--- SOURCE DATA ---
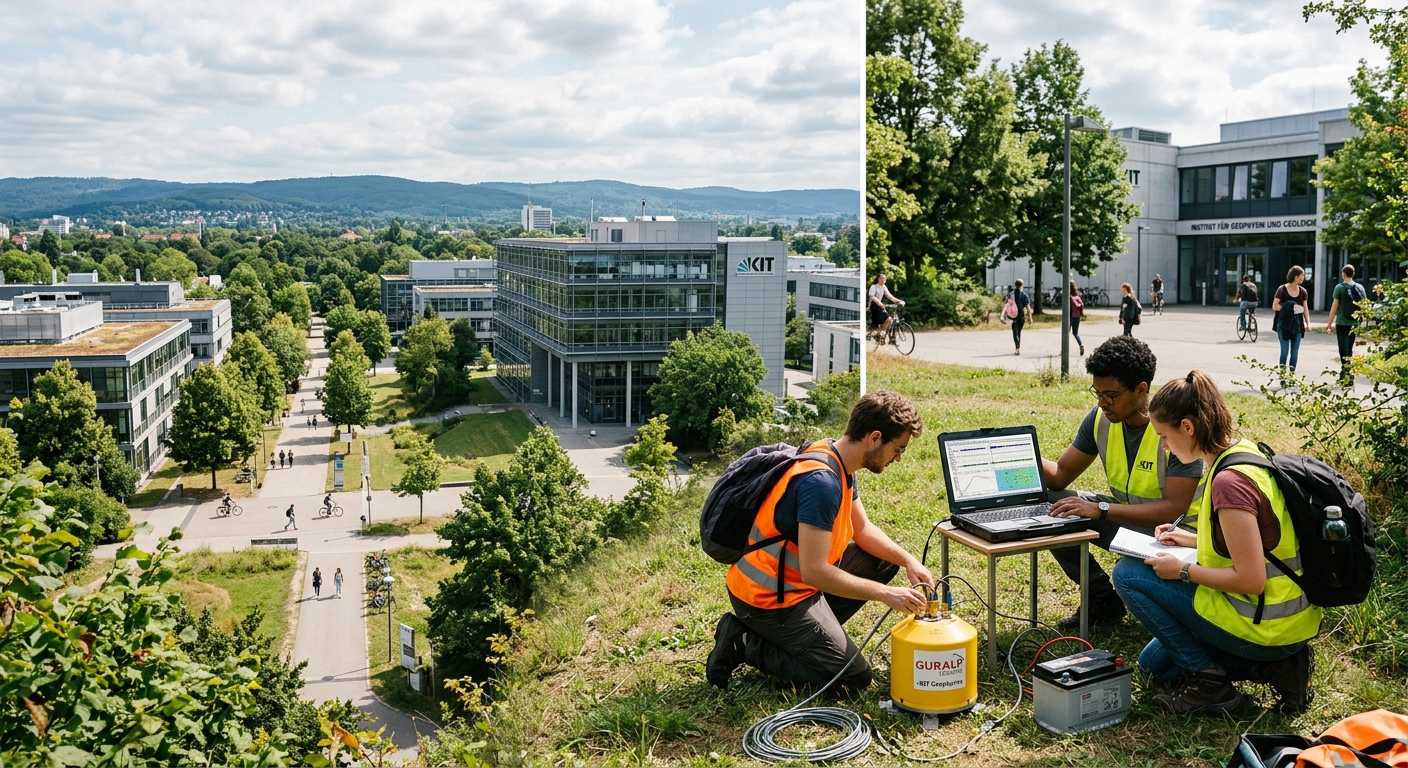 Karlsruhe Institute of Technology campus with modern research buildings, seismology equipment in foreground, students working outdoors near geophysical instruments, green landscape of Karlsruhe Germany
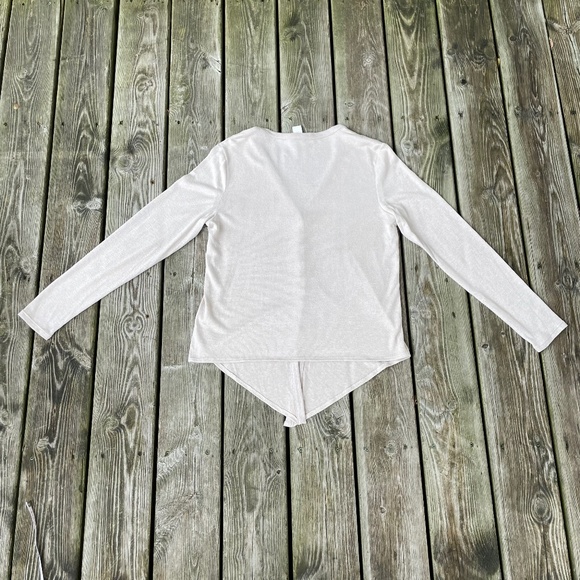 Top: H&M Light Beige Button Down Tie Waist Cardigan - Picture 3 of 11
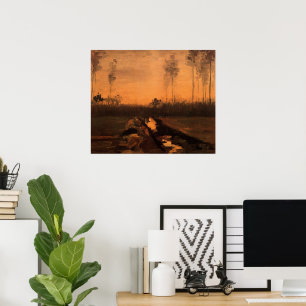 Poster Paysage à Dusk par Vincent van Gogh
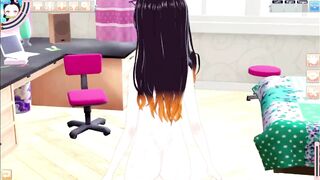 Nezuko Kamado Gameplay Hentai POV / Hands and knees masturbating / Koikatsu Party / Kimetsu no Yaiba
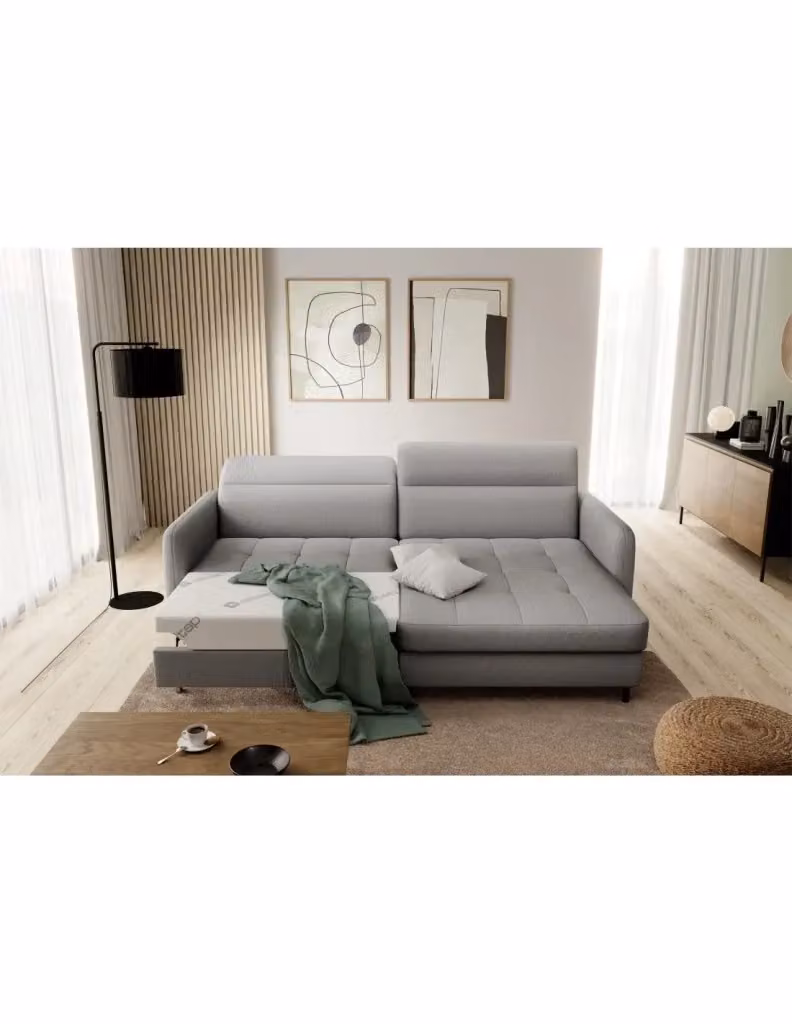 Divano ad angolo con letto trasformabile e poggiatesta regolabile collezione GOUMSI di MEUBLORAMA colore Grigio L/P/H: 228 x 165 x 128 cm – 2
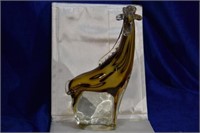 Amber and Clear Hand Blown Murano Style Art Glass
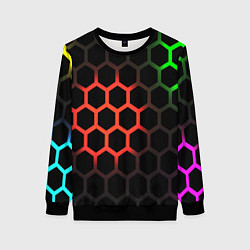 Свитшот женский Hexagon neon, цвет: 3D-черный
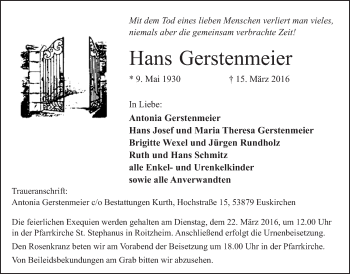 Anzeige von Hans Gerstenmeier von  Blickpunkt Euskirchen 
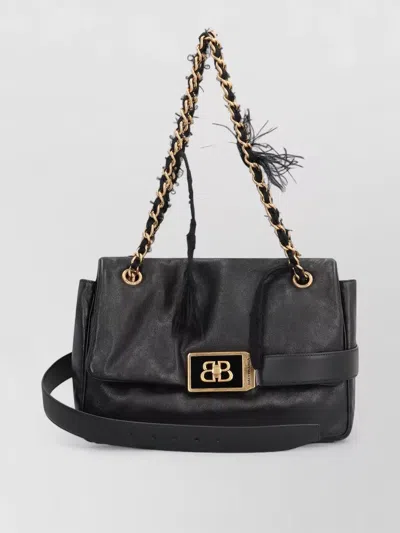 Balenciaga Modu Calf Leather Chain Shoulder Bag In Black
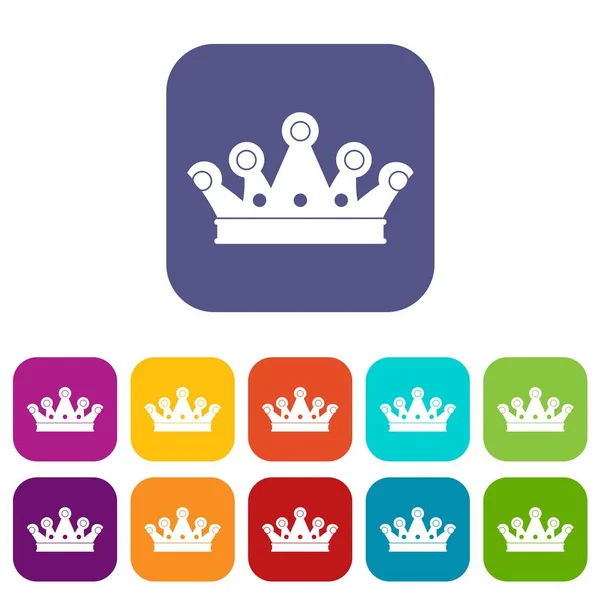 Royal crown icons set flat — Stock Vector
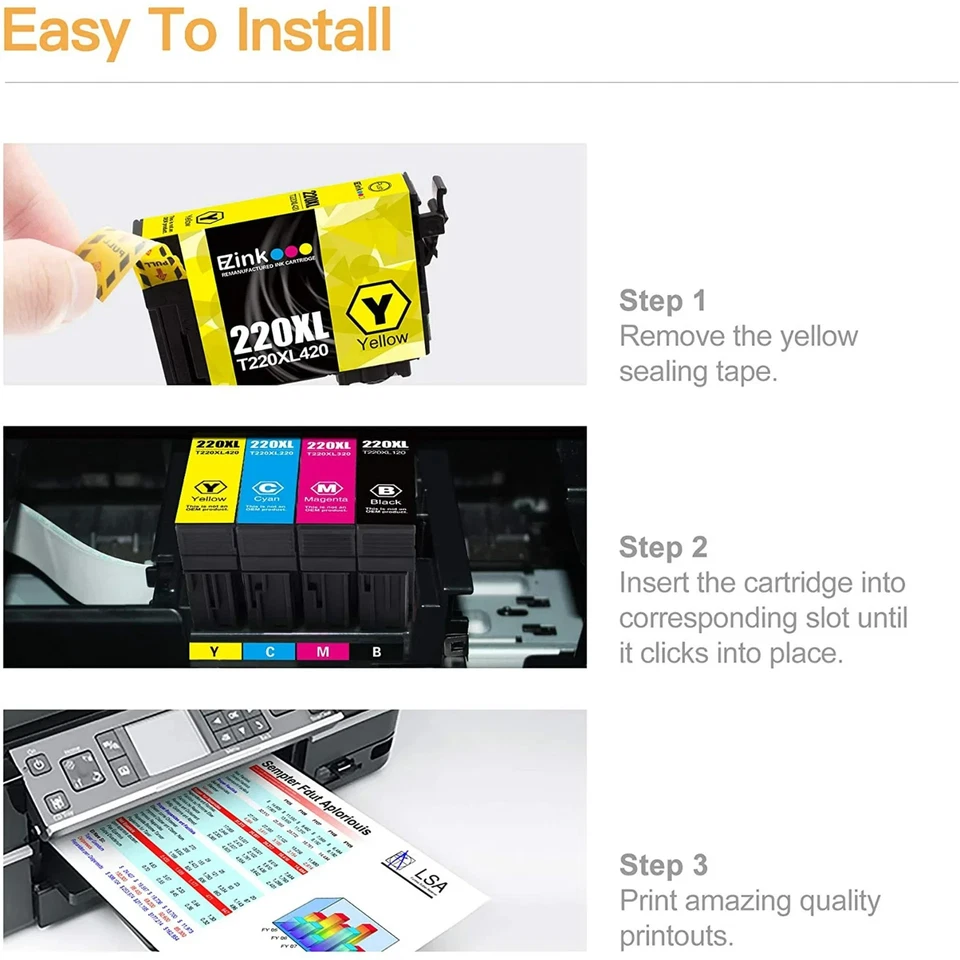 E-Z Ink 220XL Ink Cartridge Replacement for Epson 220 XL 220XL T220XL Compatible - Image 3 of 4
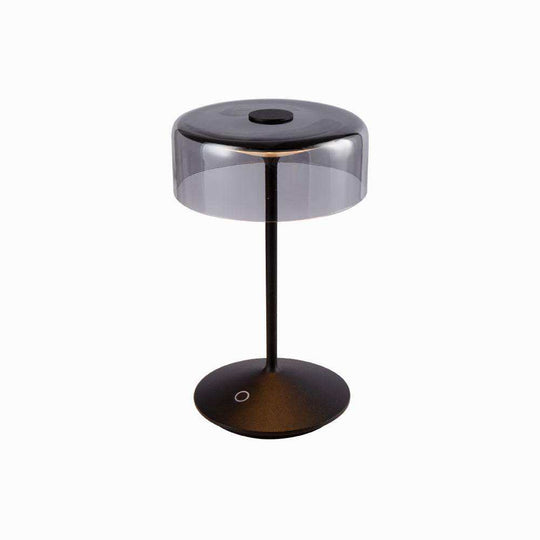 Crystal cordless table lamp with removable glass shade and touch switch on a sleek black base.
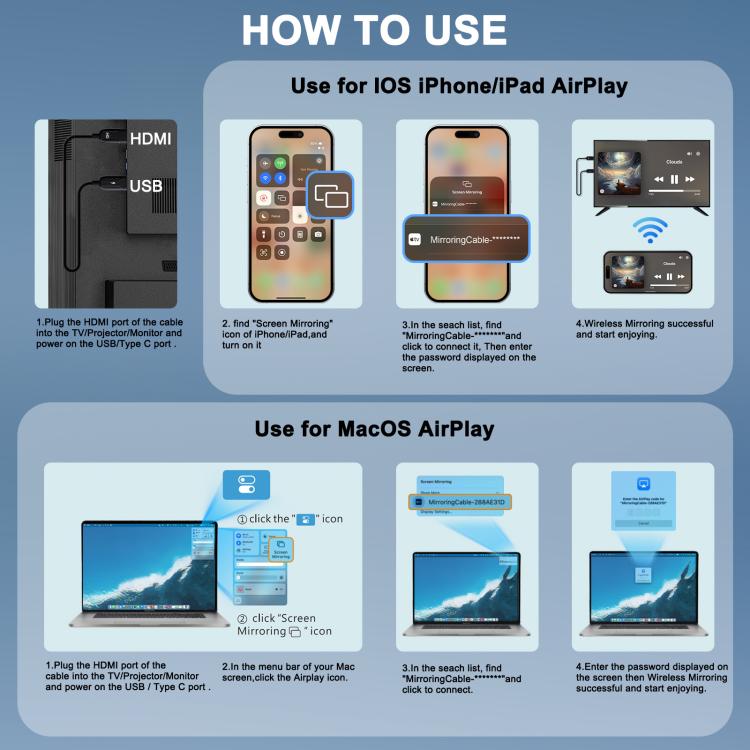USB-A to HDMI HD Screen Mirroring Cable Wireless Screen Mirroring Converter Cable with Adapter, Length:70cm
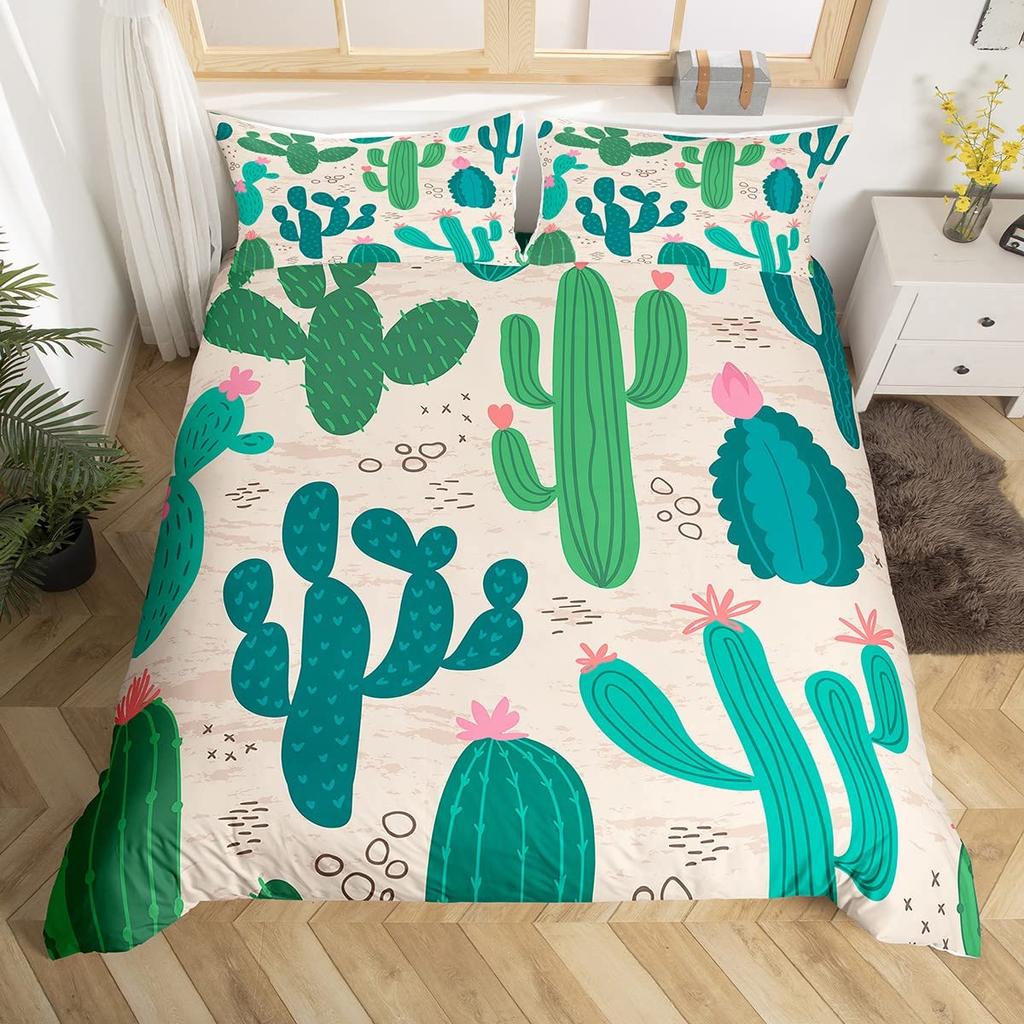 Tropical Botanical Bedding Set Bulbous Cactus Sketch Drawing Comforter Cover Cute Desert Plants Duvet Cover Flower Quilt Cover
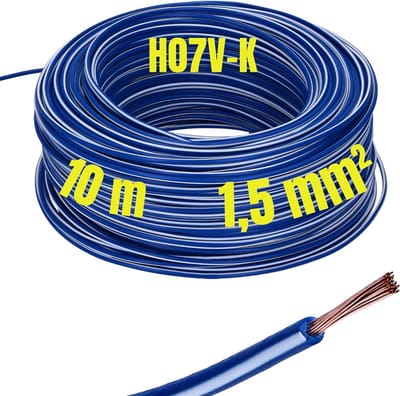 Kalitec 10 meter H07V-K 1,5 mm² donkerblauw-witte bedradingskabel I kernkabel flexibel I PVC enkelader I meeraderig fijnaderig I enkele kabel I kabel massief I schakeldraad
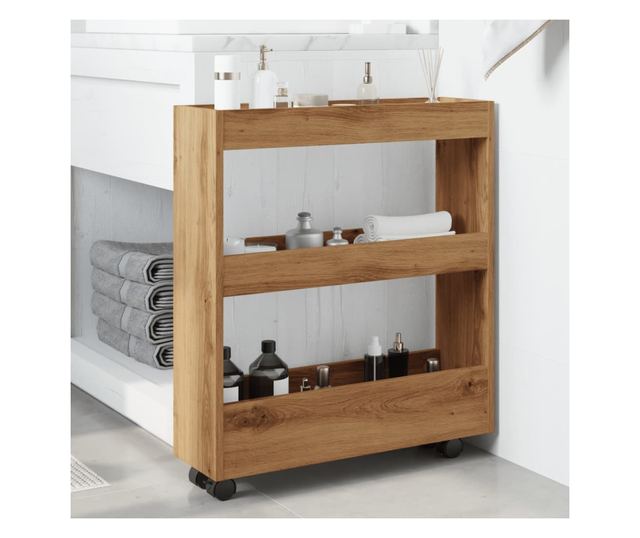 3 szintes kézműves tölgy színű szerelt fa keskeny tárolókocsi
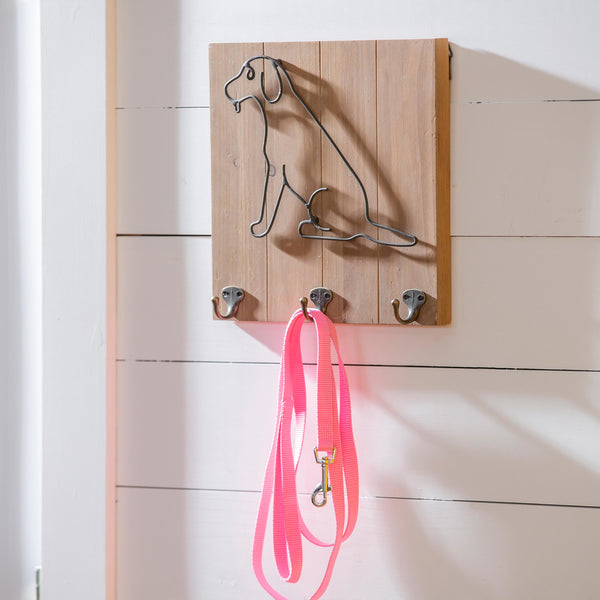 plow & hearth Metal and Wood Pet Wall Hooks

--- TASK STATEMENT ---
Pictures stay out; output the lines from the top of the listing above through the line containing "Balenciaga Modu Calf", exactly as they stand.

--- REPLY TO THE EXERCISE ---
 Karlsruhe Institute of Technology campus with modern research buildings, seismology equipment in foreground, students working outdoors near geophysical instruments, green landscape of Karlsruhe Germany
 Top: H&M Light Beige Button Down Tie Waist Cardigan - Picture 3 of 11
 Poster Paysage à Dusk par Vincent van Gogh
 Nezuko Kamado Gameplay Hentai POV / Hands and knees masturbating / Koikatsu Party / Kimetsu no Yaiba
 Divano ad angolo con letto trasformabile e poggiatesta regolabile collezione GOUMSI di MEUBLORAMA colore Grigio L/P/H: 228 x 165 x 128 cm – 2
 Amber and Clear Hand Blown Murano Style Art Glass
 Свитшот женский Hexagon neon, цвет: 3D-черный
 Anzeige von Hans Gerstenmeier von  Blickpunkt Euskirchen 
 Balenciaga Modu Calf Leather Chain Shoulder Bag In Black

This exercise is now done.